For businesses interested in accepting credit cards as a form of payment from customers, knowing the different types of merchant accounts available is important. Although the primary difference between the accounts is how you accept the credit card information, there are other aspects that are different as well. Below is a discussion of the three types of merchant accounts available.
This type of merchant account is most likely to be held by the owner of a brick and mortar operation, such as a restaurant or hotel. If you need to present your card so the cashier, waitress, or clerk can swipe it or if you can swipe it yourself, you are doing business with a company that has a retail merchant account. As part of that account, retailers must process at least 70% (although some companies set higher percentages) of their transactions via swiping.

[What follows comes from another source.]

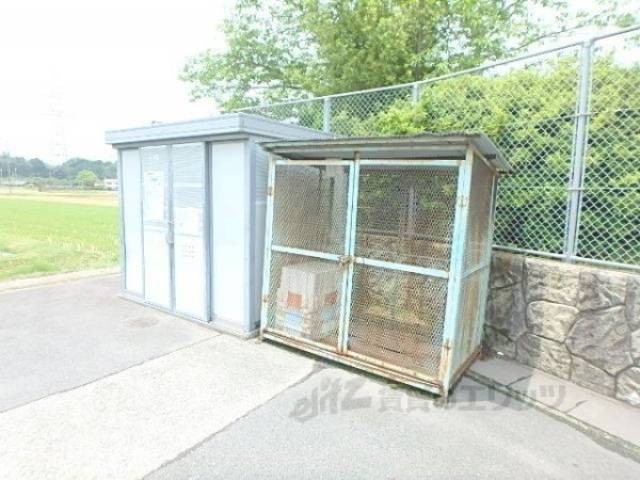 ごみ収集場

The reason for this rule is that merchant account holders generally receive the lowest transaction fee rates. Swiping is also the best way to minimize errors and errors can cost both the credit card processor and the retailer more money.
Most retail account holders must also purchase or lease the equipment for swiping and processing the credit card information.
Mail Order/Telephone Order
Known by the shortened acronym MOTO, these accounts are probably becoming one of the least commonly used today because fewer orders are being placed via phone or snail mail. However, these accounts can still be useful, especially for utility companies that accept credit card payments for bills.
Unfortunately for MOTO account holders, the transaction fees on these accounts are higher than with retail accounts. Processing these transactions can also be a bit more time consuming because the information has to be manually entered via a terminal installed on a personal computer or a virtual terminal that is operated through the Internet.
Until recently, most Internet business owners were had to choose the MOTO merchant accounts because these were the only other option available. Now many credit card processing companies are offering an Internet-specific merchant account. Unfortunately, these accounts also require the payment of higher transaction fees than retail accounts but their payment systems are more appropriate for the types of transactions online stores handle. For example, most transactions are either processed through a virtual terminal or through a shopping cart application. Most of these accounts are also going to come with more security features to protect the transfer of sensitive data.
The Bottom Line
Unless you do all of your business exclusively through the Internet, you may want to consider opening multiple merchant accounts so that you can provide more options to your customers. For example, if you sell a product via the Internet you might want both an Internet and a MOTO account so that you can work with customers who are nervous about transmitting their account information through the web site.